Mud, dust, and dirt act as makeshift sunscreens for elephant skin. Without this protective layer of sunscreen, elephants are prone to sunburns and blisters – especially when they spend long days out in the sun with little rest or time in the shade.
When serving for the elephant trekking industry, Asian elephants are not offered the chance to bathe themselves in their mud sunscreen. Elephants are also expected to go long periods of time without eating so that they can carry larger quantities of customers during the day. It must be excruciating to carry around multiple people with a hot sunburn and an empty tummy…
Mahouts are elephant trainers who are considered to hold the “closest” relationships with calves. This, however, doesn’t say much about the abuse inflicted upon Asian elephants. Mahouts use elephants for profit in elephant trekking tours, painting shows, and street begging.
Elephants form close relationships with other family members – especially the bond between an elephant mother and her calf. Calves will stay with their mothers for around 16 years, but the elephant tourism business shatters this bond at the ripe age of six months.
Mahouts are responsible for training elephants for the sake of profit. In their eyes, the easiest way to train the pachyderms is to beat them into submission. The bull hook (a sharp metal hook attached to a long pole used to poke into animal flesh) is the popular weapon of choice in this industry as painful strikes can deter any elephant from “misbehaving.” These sharp tools are inserted into the delicate ear tissue and allow the mahout to force elephants to “play” in the ocean, and perform other unnatural, painful feats.
Elephants are incredibly social, and prefer the company of several other individuals to interact with. In Thailand’s tourism industry, elephants are chained to gates or concrete floors and are unable to reach their fellow prison-mates. Left to lead a life in pain, fear, and solitude all for the purpose of entertaining unassuming customers.

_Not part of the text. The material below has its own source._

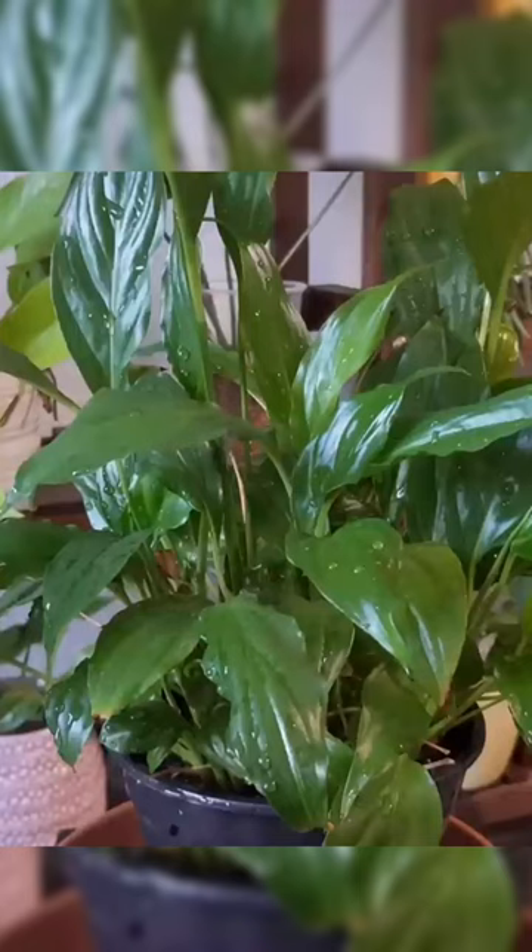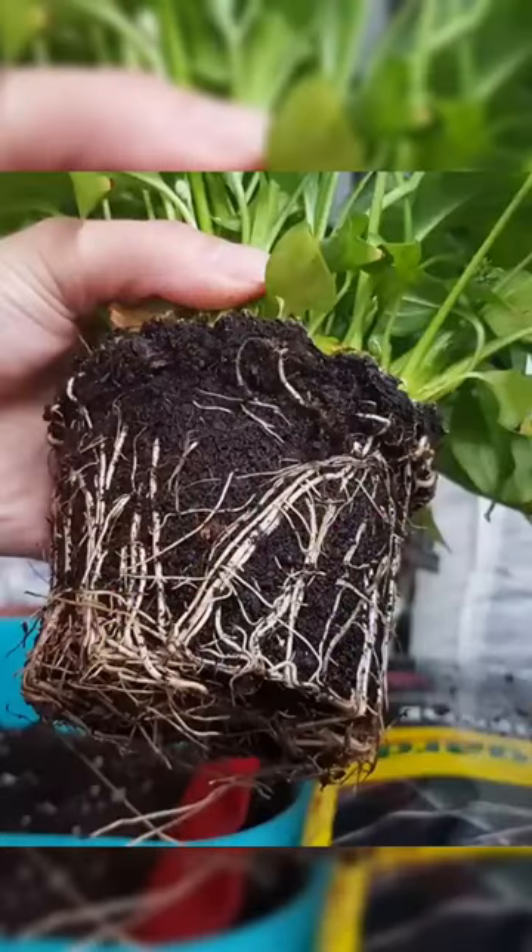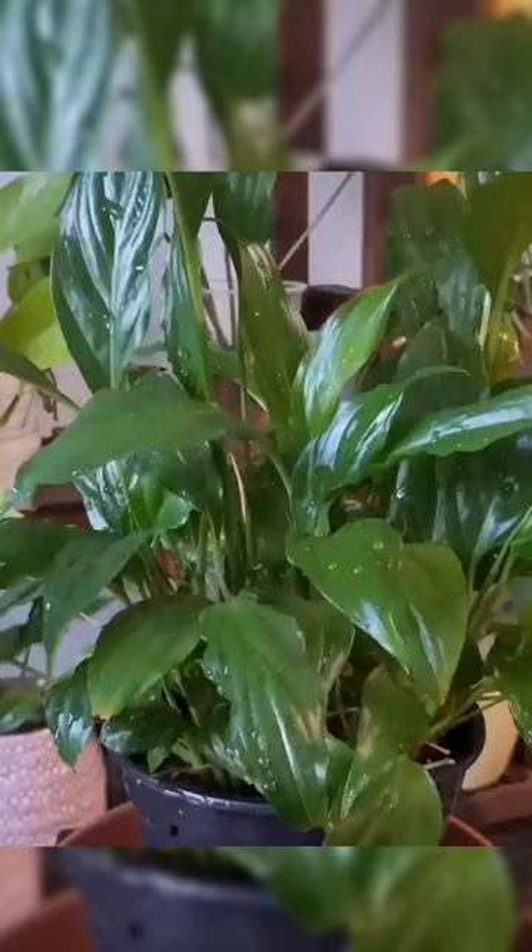Especially when it's cold and the plant is overwatered, fungus can develop on the leaves and stems. The whole stem can get rotten together with the roots, and if you do not react immediately, you can lose the plant.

Cruelty-Free Ways to Enjoy Elephants
For all of you pachyderm lovers who would still like the opportunity to view elephants WITHOUT the abuse, have no fear! There are alternatives to Thailand’s elephant tours. Several sanctuaries exist worldwide that specialize in elephant care (ie. Boon Lott’s Elephant Sanctuary and the Surin Project). Just remember to do your research on prospective facilities and sanctuaries, and be sure to follow the “Five Freedoms” to ensure a healthy, pain-free elephant experience.